His willingness to improve extends off the field, too. Coaches and teammates are doing all they can to help, first because they genuinely like Bryant, but also because they realize what a huge role he can play on this team.
Then again, others have tried to help Bryant before, and it hasn’t always clicked. Maybe now that the stakes are higher, it’s finally happening.
“He’s doing a better job with being where he’s supposed to be, on time, and those types of things,” Robinson said. “But it’s a day-to-day process. It doesn’t happen overnight. I don’t expect that it’s gonna. Sometimes you take a couple of steps forward and one step back. So you grab the young man and you hug him and you say, ‘Hey, listen now. This is something you’ve gotta do different. This is where we need to improve.’ You do that day after day after day. You develop that trust, hopefully him in you and then you start to develop it in him.”

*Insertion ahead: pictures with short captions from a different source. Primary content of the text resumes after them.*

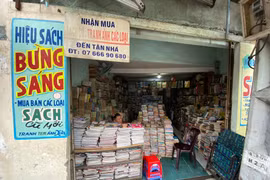 Tiệm sách của cụ ông 75 tuổi, tồn tại gần nửa thế kỷ khiến giới trẻ hoài niệm
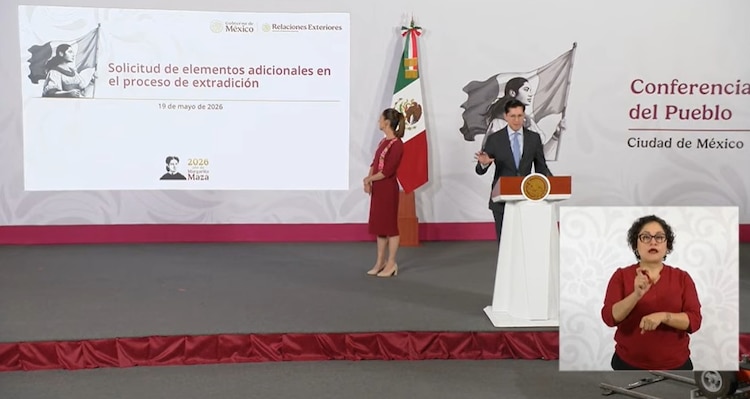 Roberto Velasco este martes en Palacio Nacional.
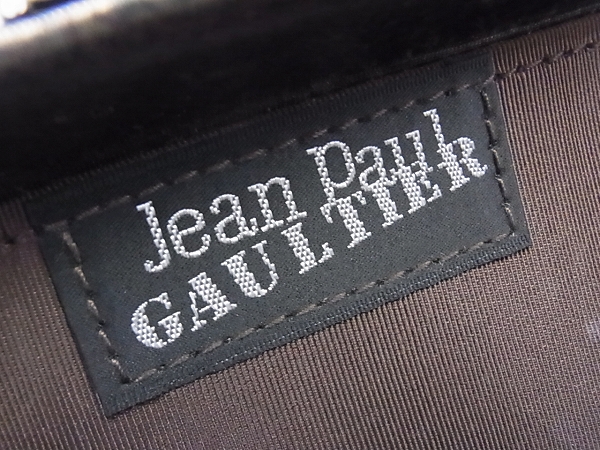 実際に弊社で買取させて頂いたJEAN PAUL GAULTIER Vサイバートランク ショルダーバッグの画像 5枚目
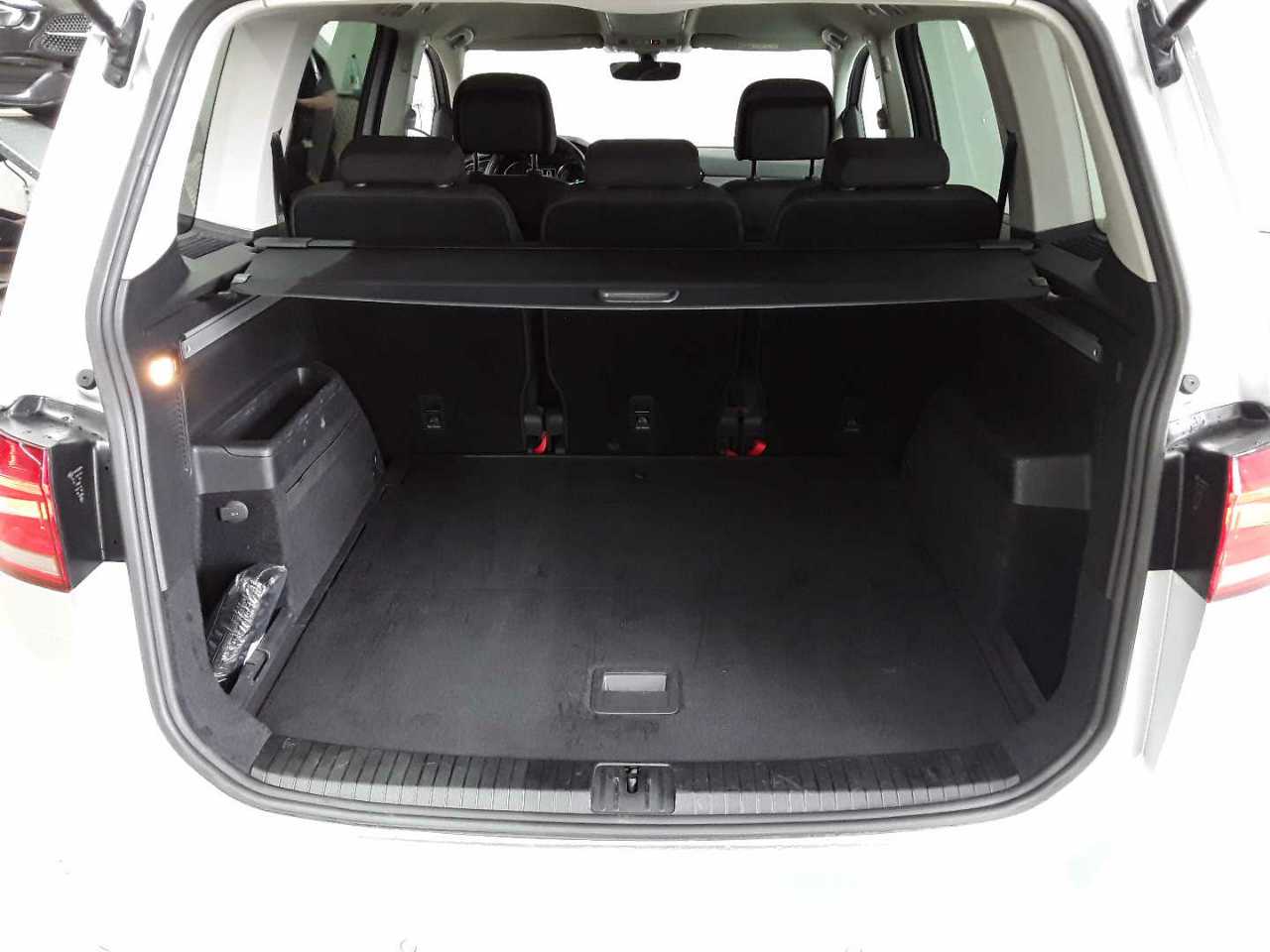 Vw Touran 2.0 TDI SCR DSG Comfortline 9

Tight end Jason Witten sees an improvement, too.
Witten said Bryant used to get by on sheer talent, treating practices and games as if he were playing in the backyard. Through nearly a month of training camp, which wrapped up Thursday, Witten was impressed with Bryant “being where he’s supposed to be and doing what he’s supposed to do.”
“He’s walked into a situation where he’s taken a lot of responsibility and expectations,” Witten said. “Nobody works harder than him. And the accountability off the field — in the meeting rooms and walkthroughs, I think he’s done a fantastic job. ... There’s a consistency that he brings. I’ve been really impressed. He’s going to be a big part of this offense and this team.”
As an undisciplined rookie, Bryant caught 45 passes for 561 yards and four touchdowns, with two more touchdown on punt returns. He did that in just 12 games, missing the last four with an ankle injury that’s fully healed. He also did it without the benefit of a preseason and without having played much his previous year in college because of another off-the-field mess with the NCAA.
All young players usually make a big jump from their first to second year in the NFL, but they also usually have the benefit of being around the team facility. The lockout prevented Bryant from doing that, so his re-education has come during training camp.
“He’s making progress,” Robinson said. “But it’s not perfect. I don’t expect that it’s going to be. It’s a growing process.”